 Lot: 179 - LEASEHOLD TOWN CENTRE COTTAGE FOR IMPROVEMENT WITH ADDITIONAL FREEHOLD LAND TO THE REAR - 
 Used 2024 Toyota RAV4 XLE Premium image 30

+-------+

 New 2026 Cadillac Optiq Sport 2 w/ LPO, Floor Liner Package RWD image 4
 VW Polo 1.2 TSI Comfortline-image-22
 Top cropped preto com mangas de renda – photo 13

+-------+

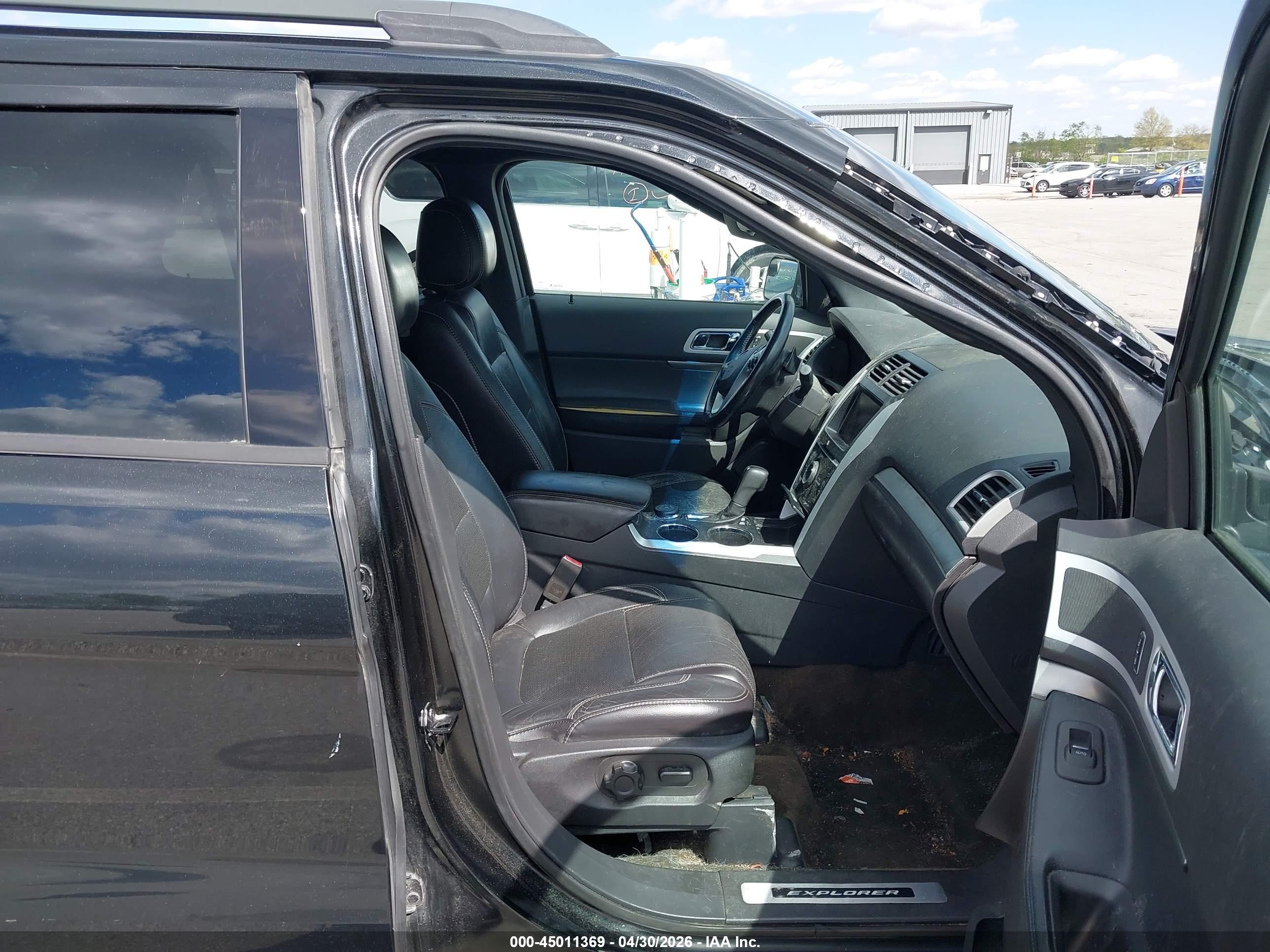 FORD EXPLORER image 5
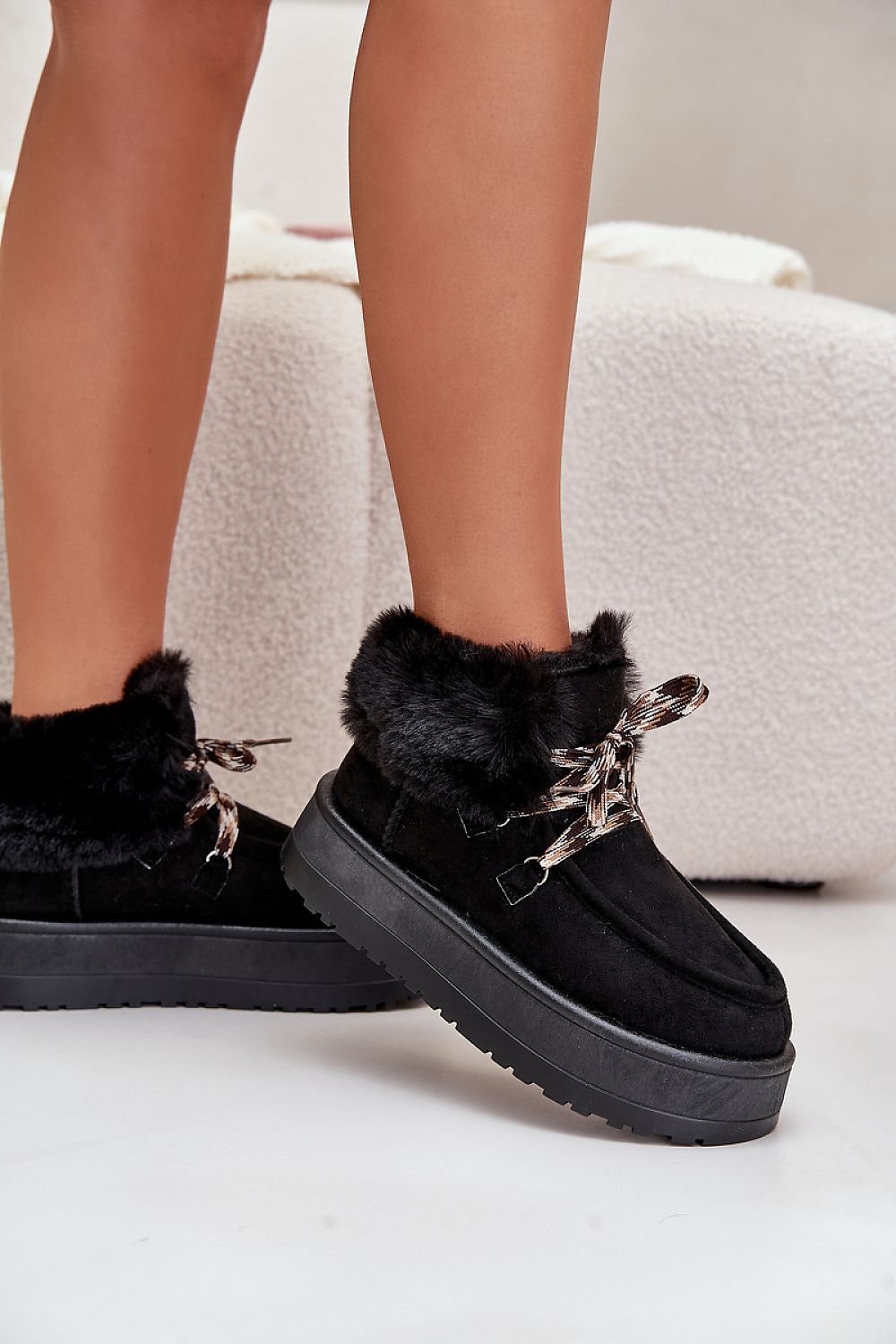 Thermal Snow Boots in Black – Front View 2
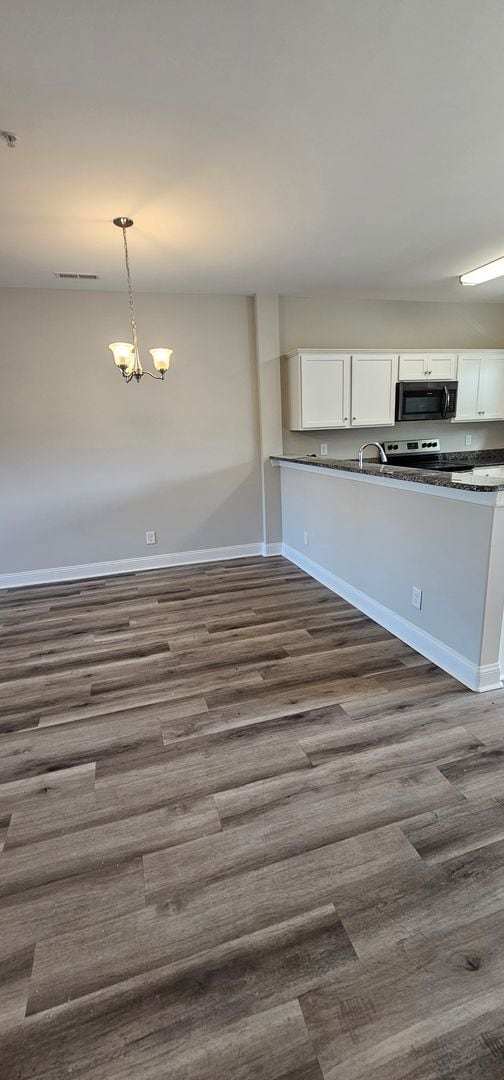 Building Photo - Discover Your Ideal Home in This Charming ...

+-------+

-- Exercise --
Extract exactly and only the lines above from the line containing "Lot: 179 - LEASEHOLD" through the line containing "Used 2024 Toyota RAV4 XLE Premium image 30", both end lines included.

-- Written response --
 Lot: 179 - LEASEHOLD TOWN CENTRE COTTAGE FOR IMPROVEMENT WITH ADDITIONAL FREEHOLD LAND TO THE REAR - 
 Used 2024 Toyota RAV4 XLE Premium image 30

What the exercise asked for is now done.